No matter how hard James Wrigley strives to live a better life, he’ll always see a murderer in the mirror.

No matter how hard James Wrigley strives to live a better life, he’ll always see a murderer staring back at him whenever he looks in the mirror.

The day he strangled his landlord Kwong Mah in Calgary with a telephone cord in September 1993 is one he’s had plenty of time to think about during the 25 years he’s spent behind bars.

Sitting in a number of federal penitentiaries, Wrigley reflected on the murder daily and had nightmares about Mah’s violent death for years. If he’d never taken the 66-year-olds life, he’d also still have his.

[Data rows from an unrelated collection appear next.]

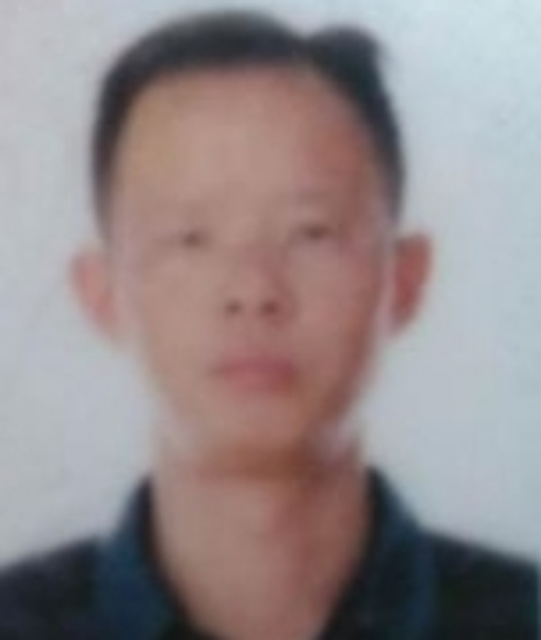 大自在的第一张照片--渭南相亲服务中心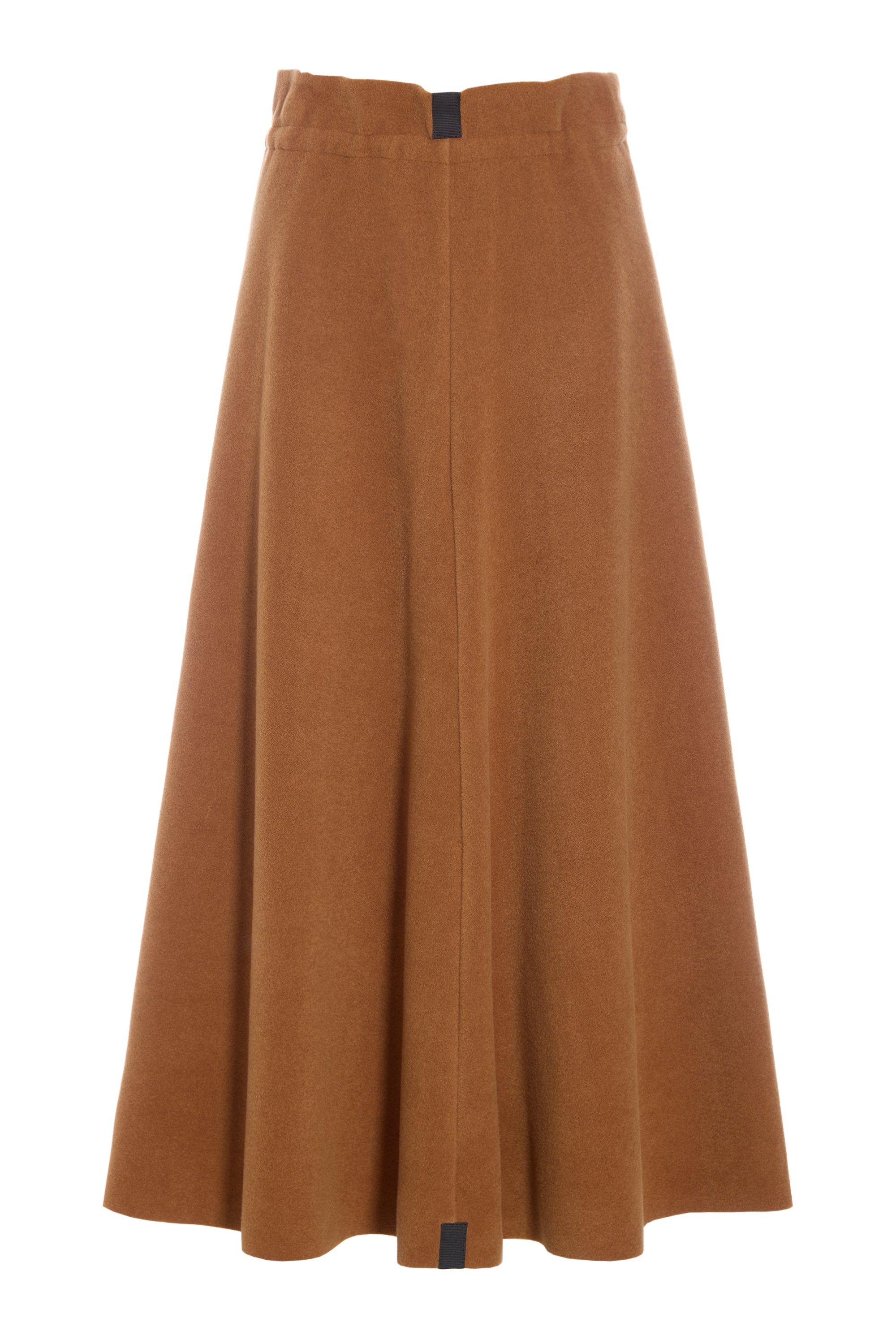 HENRIETTE STEFFENSEN COPENHAGEN ROCK - 3256 NEDERDELE RUST 706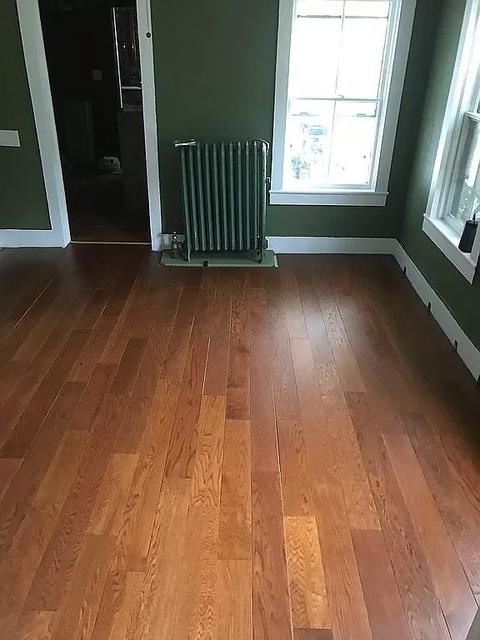 24 Elm St, Webster, MA 01570 photo 11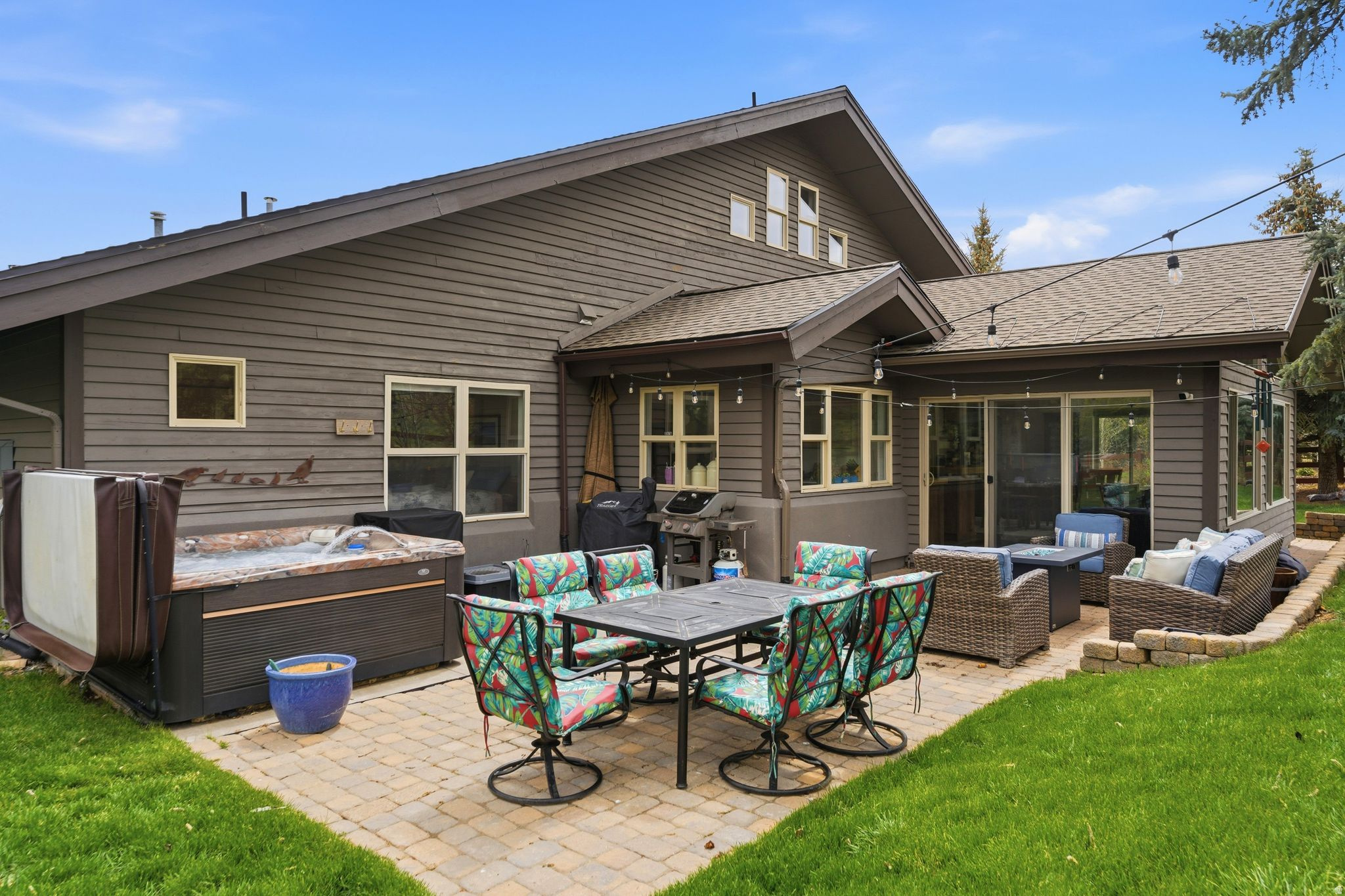 4721 WINCHESTER CT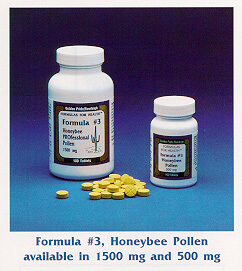 form3.jpg (46958 bytes)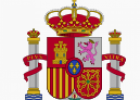 List of Spanish monarchs - Wikipedia, the free encyclopedia | Recurso educativo 743846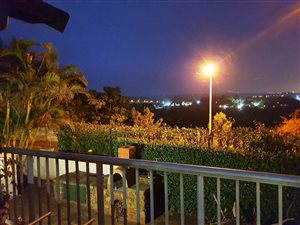 5 Bed House in Empangeni Central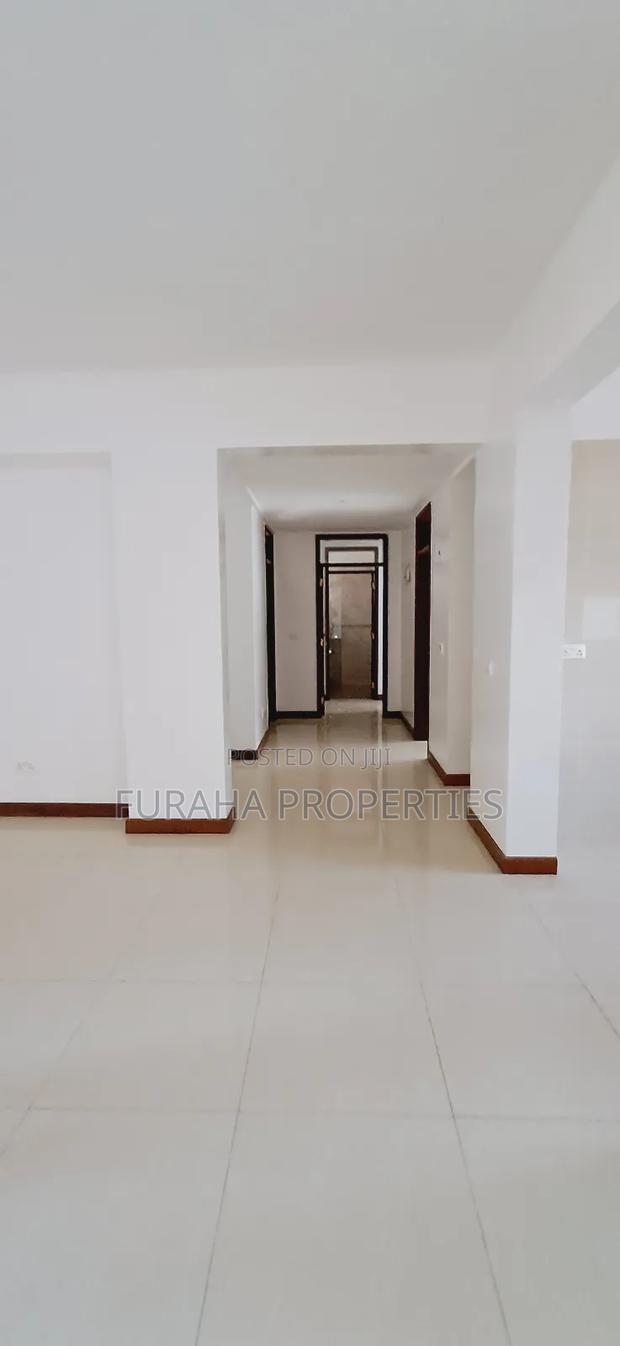 3bdrm Apartment in Mkomani for rent - thumbnail 2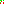 Destellos dst-8716516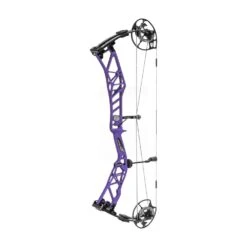 Elite EnVision Compound Bow -Shooting Sale Store envision purple rain 2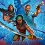 The Walking Dead: Streets of Survival, un Beat'em all à l'ancienne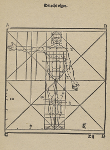 Schön, Figur 8.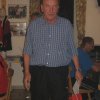 20100528_214438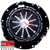 Competition Clutch Pressure Plate for Mitsubishi 4G63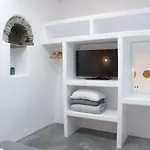 Casa Di Volto Casa de Férias *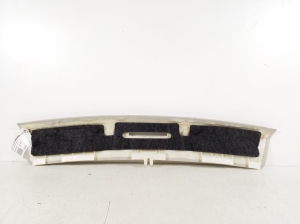 Mercedes Benz E-Class W212 (2009–2015) Laepolstri muu osa A2126901650 - 2
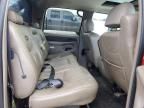 2002 Chevrolet Avalanche K2500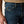 MENS ARIAT Rebar M7 Slim DuraStretch Edge Stackable Straight Leg Jean (longeur 36)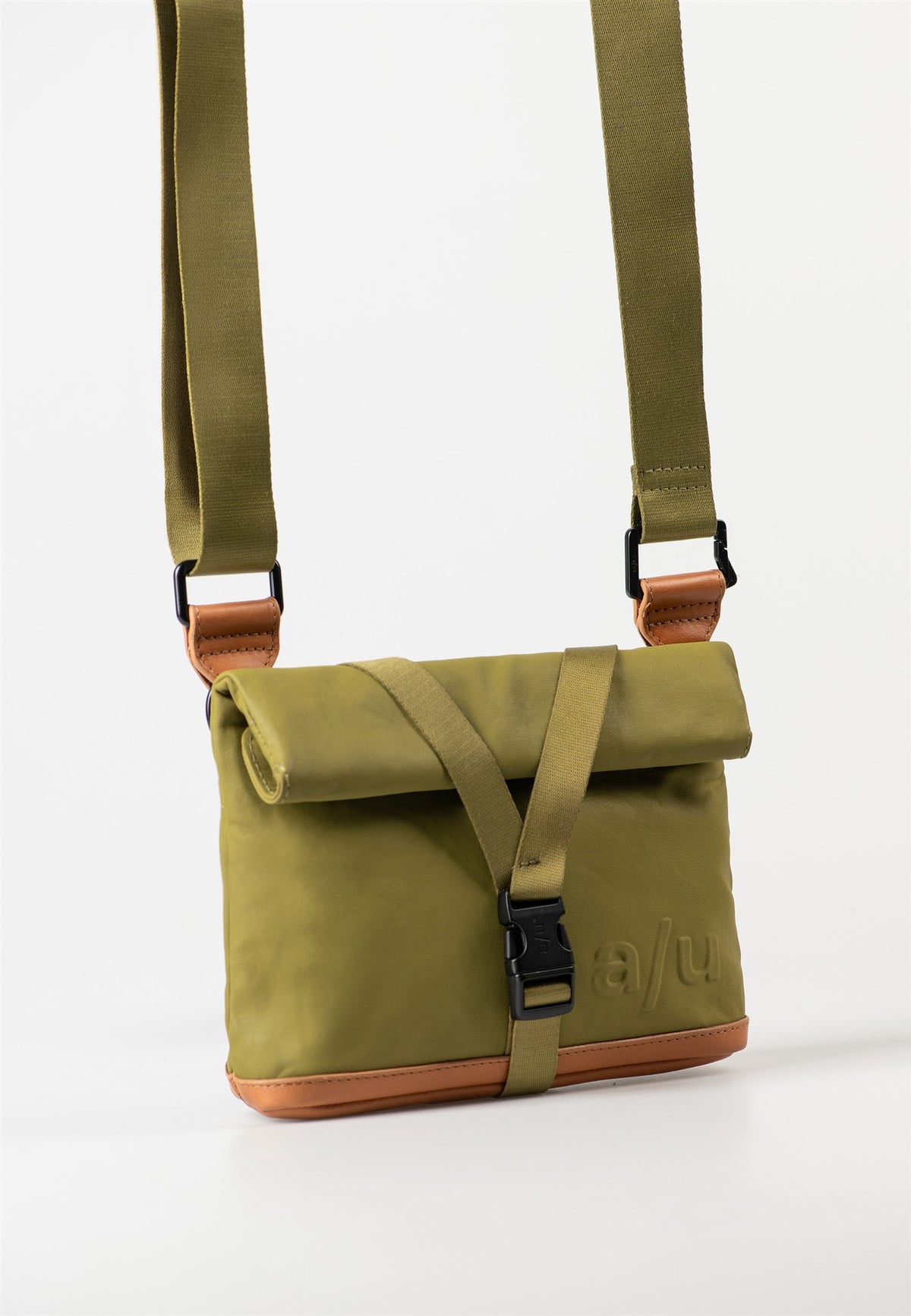 Tsu Bauchtasche Japan marshland | Bildmaterial bereitgestellt von SHOES.PLEASE.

“You have to accept what it is because you can’t change it. It’s best to say this is what I did, this is how I’m going to cope with it, this is how I’m going to make amends as best as I can and how I’m going to move forward,” said Wrigley, who was given a life sentence for his second-degree murder conviction. “I am never going to escape that feeling of looking in the mirror and saying you’re a piece of shit. It’s with you.”

Now at 47 years old, Wrigley is on day parole and is among the 47 men currently living at the Salvation Army CRF (community residential facility) at Johnson and Wharf streets — the largest halfway house in Canada and one of three in Victoria.

The men who come here have served time in some of the roughest prisons across the country. Many are considered high-risk since the facility is among the few that doesn’t have a lot of barriers.

Those who are granted day parole are given the ability to serve a portion or the remainder of their sentence in the community — the first step towards integration. They’re required to have a curfew, abide by various conditions, check in at certain times and are typically supervised at the halfway house in some manner. Some stay for a couple of days, others have been there for several years, taking counselling, life skills and substance abuse programs to get on the right path.

“We’re case managers, we’re counsellors, we’re supportive figures in their life, we’re not judgmental. Sometimes that’s all they really need,” said Yin-Yee Yip, a high-risk counsellor who works at the facility.

“A lot of these people come from broken homes, were raised by the ministry or foster homes and don’t have any stable influences in their lives.”

The first time Wrigley was given a shot at limited day parole was 11 years ago — an experience he said he promptly blew due to a series of bad choices. He still had the chip on his shoulder that he’d been carrying since the age of 12 when he left his abusive home for life on the streets and started dabbling in crime. Eventually he got hooked on cocaine and began robbing convenience stores to feed his addiction.

Wrigley has spent time in several federal prisons including the maximum security Edmonton Institution and Drumheller Institution, which are both known for their violence. There were many nights he felt scared, but couldn’t show it because weakness is often preyed upon by other inmates. By the eighth year behind bars, Wrigley no longer wanted to get out of bed.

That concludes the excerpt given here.